Requirement: Every line from the one with "For the gear" through the last line below should be repeated exactly; pictures stay out of the copy.
::: Given information :::
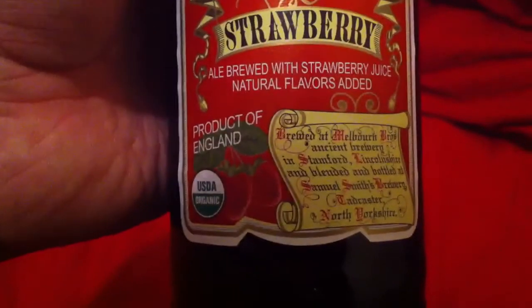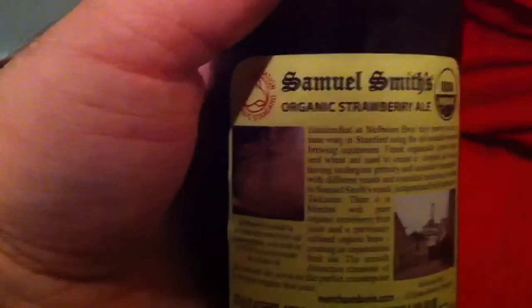This is a product of England. Let me bring the actual bottle up over here so everyone can take a look. It is a product of England from Samuel Smith. It is brewed at Melbourne Brothers ancient brewery in Stamford, Lincolnshire — I think I said that right, though I could be wrong on the pronunciation.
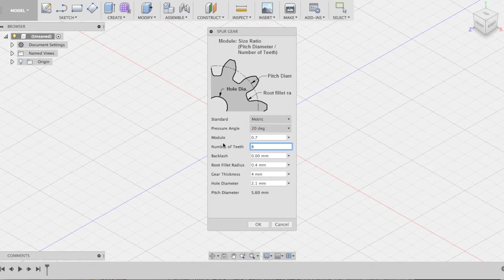For the gear that's going to be attached to the motor, we will be setting the number of teeth to 8. Take careful note of all of these values and make sure that you have the same values when you're printing your gears.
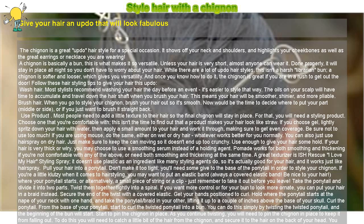Take the ponytail and divide it into two parts. Twist them together tightly into a spiral. If you want more control or for your bun to look more ornate, you can put your hair in a braid instead. Secure the end of the twist with a covered elastic.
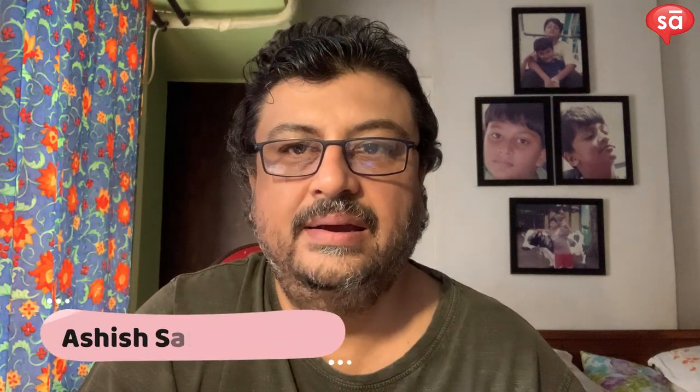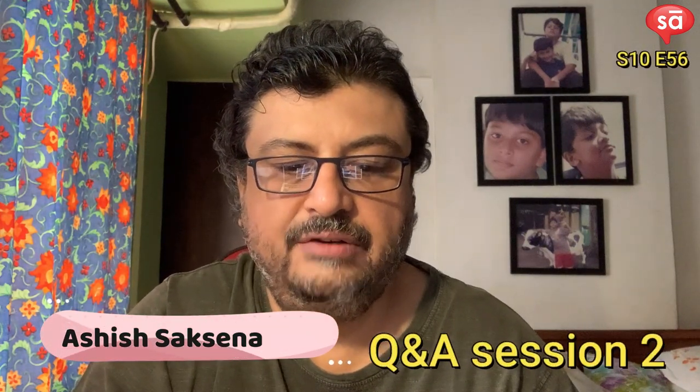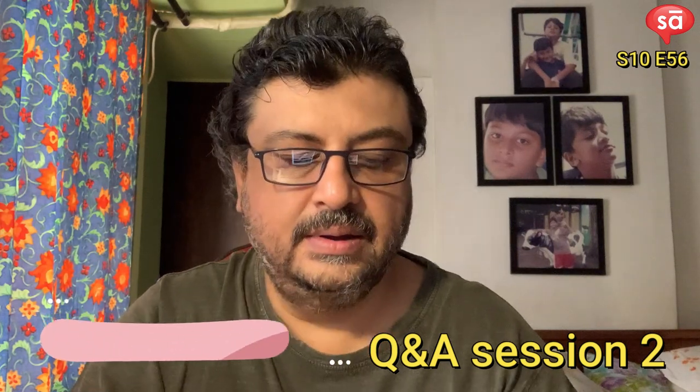Hi guys, my name is Ashish and I'm here for the second session. The topic is mixing FOH and I'll answer all your questions to my best ability. If I am wrong somewhere, do let me know because I am also learning, just as you guys are. Let's go for it.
:::
Answer section:
For the gear that's going to be attached to the motor, we will be setting the number of teeth to 8. Take careful note of all of these values and make sure that you have the same values when you're printing your gears.
Take the ponytail and divide it into two parts. Twist them together tightly into a spiral. If you want more control or for your bun to look more ornate, you can put your hair in a braid instead. Secure the end of the twist with a covered elastic.
Hi guys, my name is Ashish and I'm here for the second session. The topic is mixing FOH and I'll answer all your questions to my best ability. If I am wrong somewhere, do let me know because I am also learning, just as you guys are. Let's go for it.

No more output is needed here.